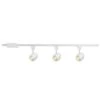 Hampton Bay 4 ft. 3-Light White Integrated LED Linear Track Lighting Kit with Round Back Heads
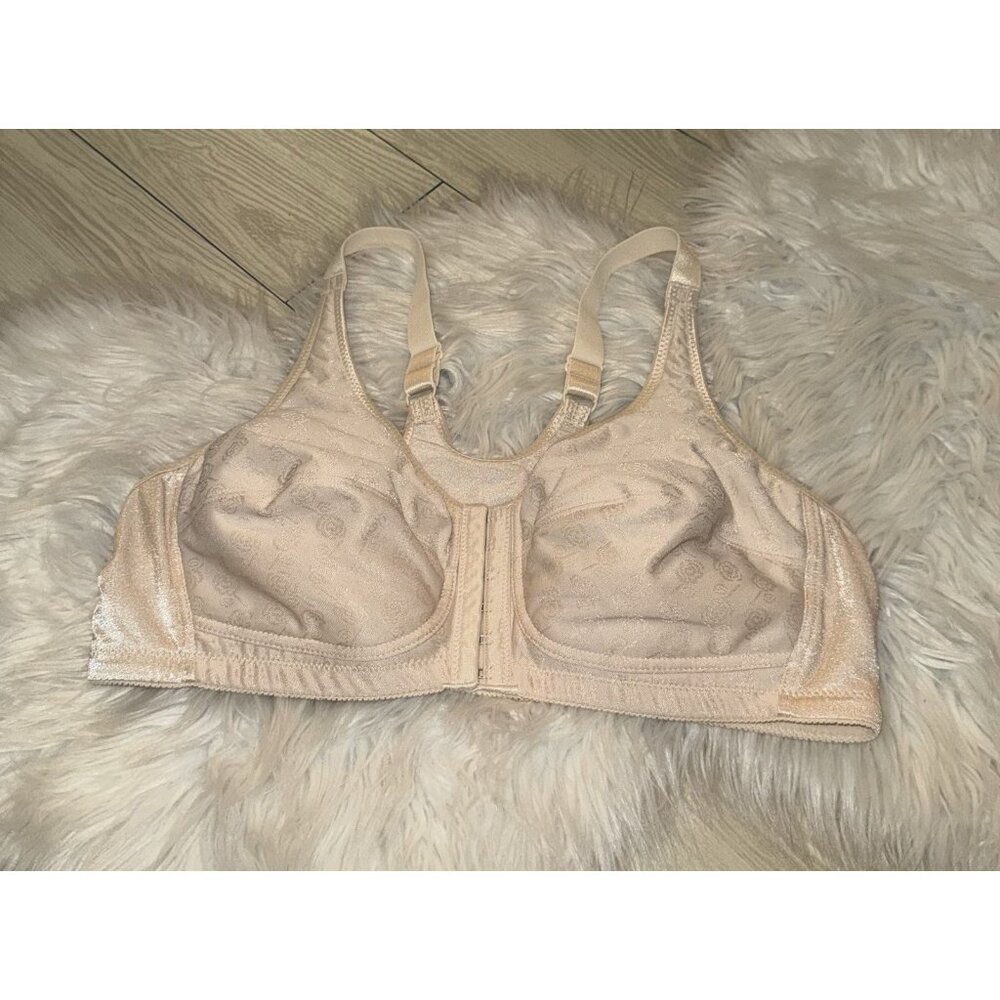 ABC 133 Rose Contour T-Back Masectomy Bra Front Close WF Womens 44B Beige New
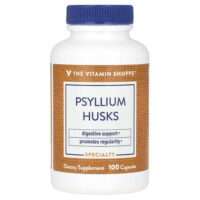 Шелуха семян подорожника, 100 капсул (720 мг на капсулу) — The Vitamin Shoppe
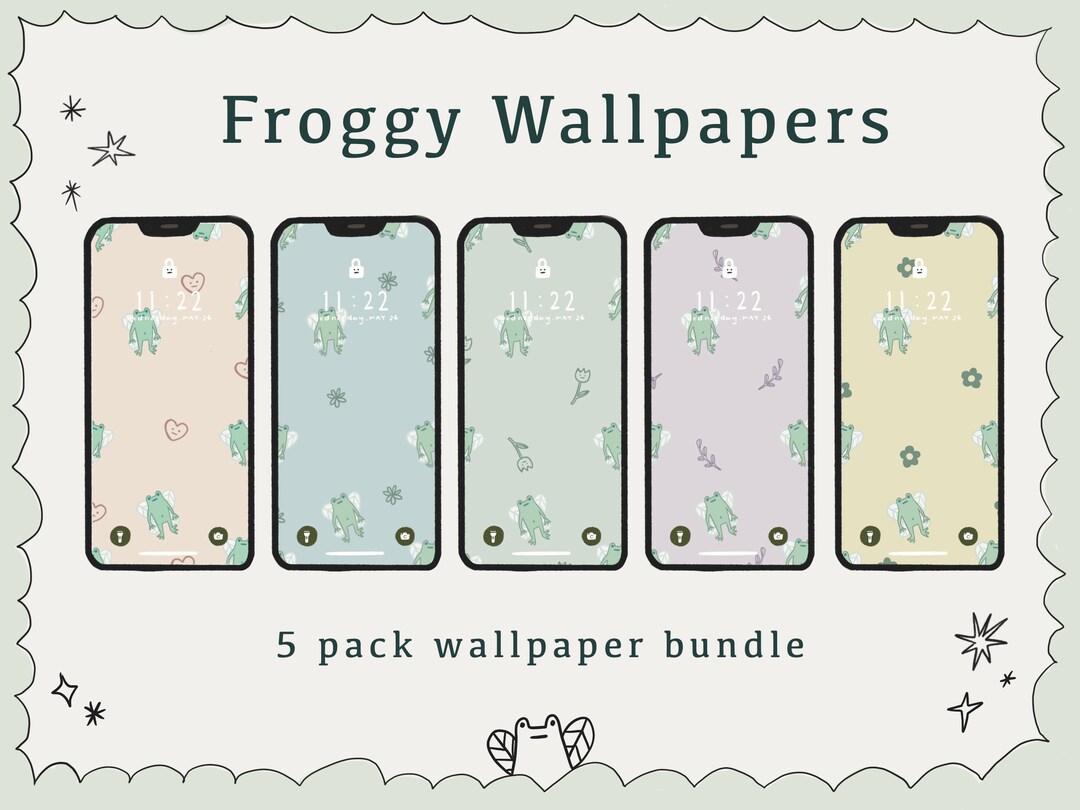 5 Pack Froggy Wallpaper: Frog Wallpaper 5 Pack Wallpapers Phone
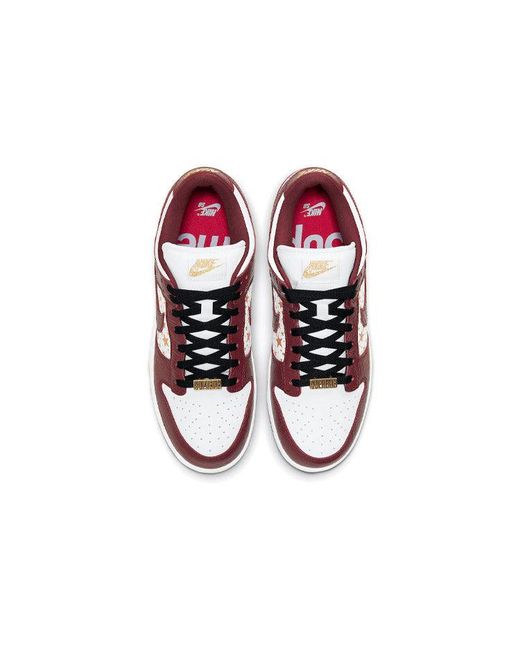 Nike Red X Supreme Sb Dunk Low Og Qs 'Barkroot' for men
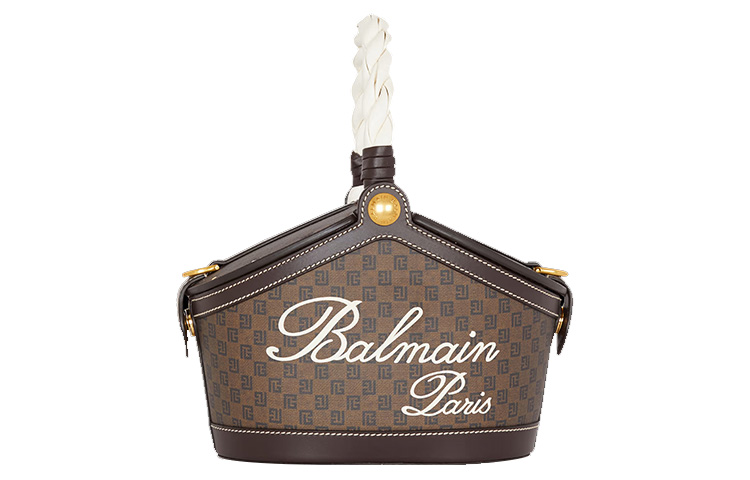 Монограмма Мини Сумка Багет Balmain
Монограмма Мини Сумка Багет Balmain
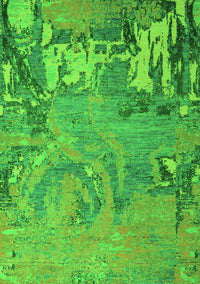 Abstract Green Modern Rug, abs5379grn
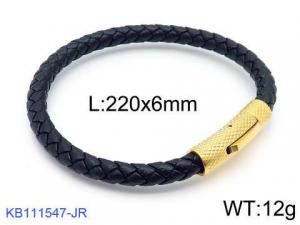Leather Bracelet - KB111547-JR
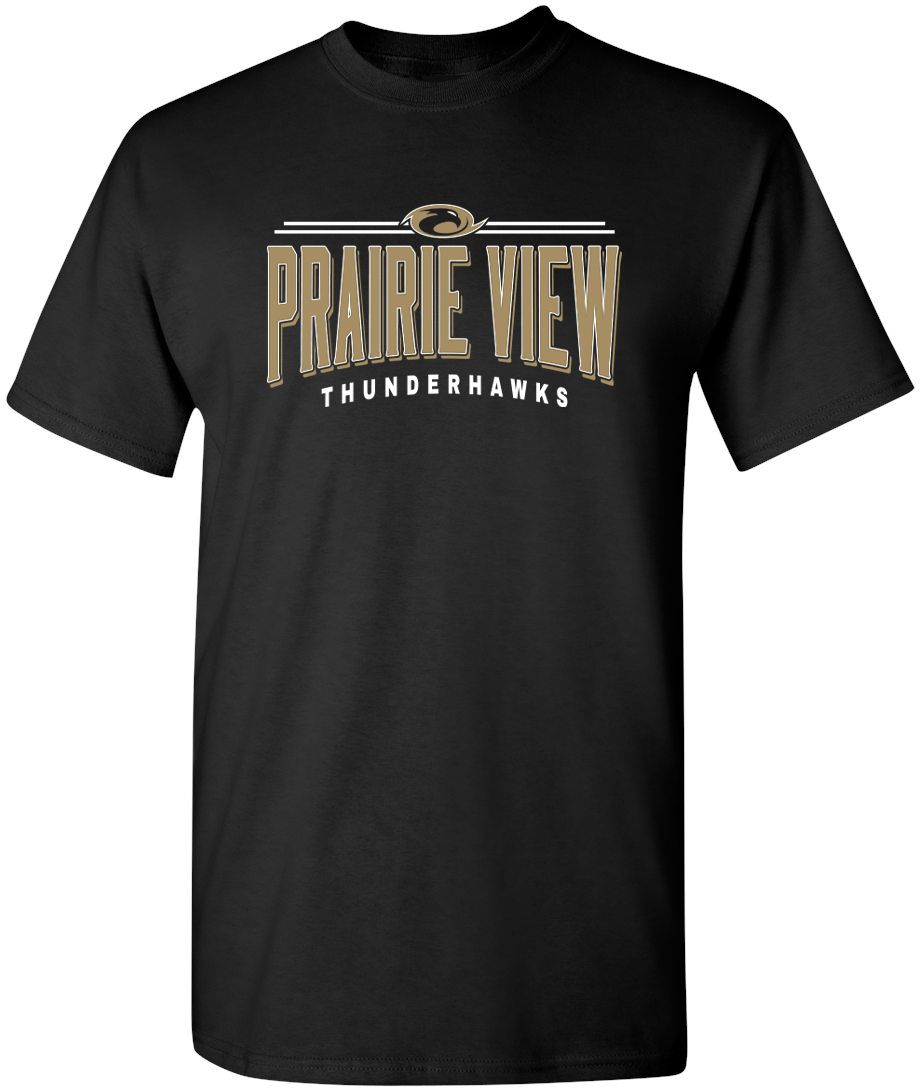 Pel Athletic Adult Prairie View High School Black T-Shirt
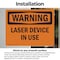 Signmission Radiation & Laser Sign, 5 in H x 7 in W, Vinyl Decal, Rectangle OS-2PACK-WS-D-57-L-12229 - alternate 5
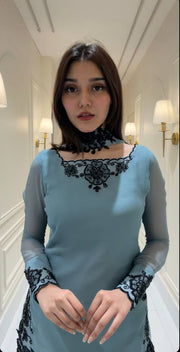 Celestial Charm Blue Dress Line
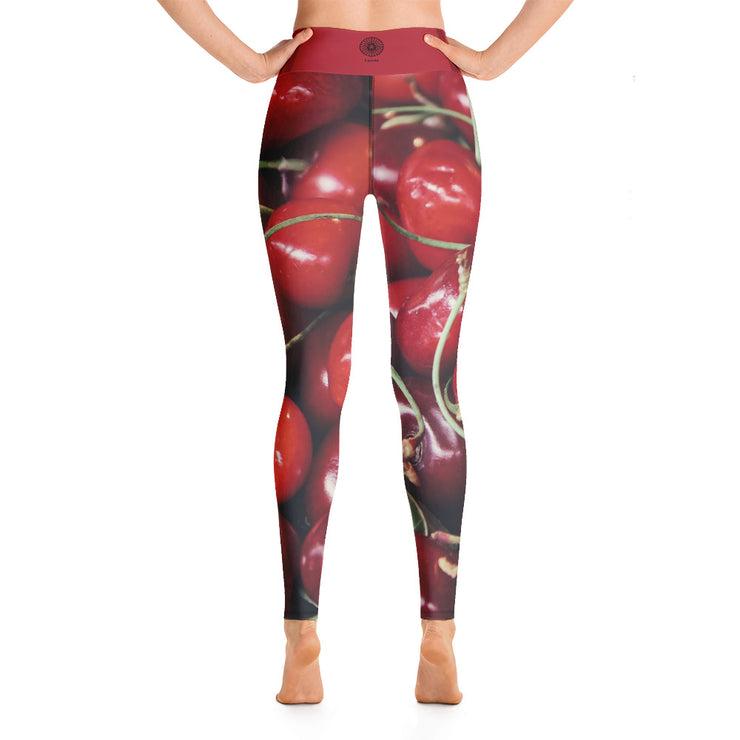 Cherry Bomb Yoga Leggings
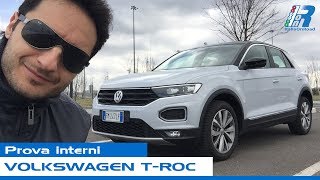 Prova interni Volkswagen TRoc  test drive [upl. by O'Meara]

******

**Task goal**
Word for word, restate all of the data, but do not copy the pictures.

**Exercise output**
 Hampton Bay 4 ft. 3-Light White Integrated LED Linear Track Lighting Kit with Round Back Heads
 ABC 133 Rose Contour T-Back Masectomy Bra Front Close WF Womens 44B Beige New
 Шелуха семян подорожника, 100 капсул (720 мг на капсулу) — The Vitamin Shoppe
 5 Pack Froggy Wallpaper: Frog Wallpaper 5 Pack Wallpapers Phone
 Nike Red X Supreme Sb Dunk Low Og Qs 'Barkroot' for men
 Монограмма Мини Сумка Багет Balmain
Монограмма Мини Сумка Багет Balmain
 Abstract Green Modern Rug, abs5379grn
Leather Bracelet - KB111547-JR
 Pel Athletic Adult Prairie View High School Black T-Shirt
 Signmission Radiation & Laser Sign, 5 in H x 7 in W, Vinyl Decal, Rectangle OS-2PACK-WS-D-57-L-12229 - alternate 5
 Celestial Charm Blue Dress Line
 Cherry Bomb Yoga Leggings
 Prova interni Volkswagen TRoc  test drive [upl. by O'Meara]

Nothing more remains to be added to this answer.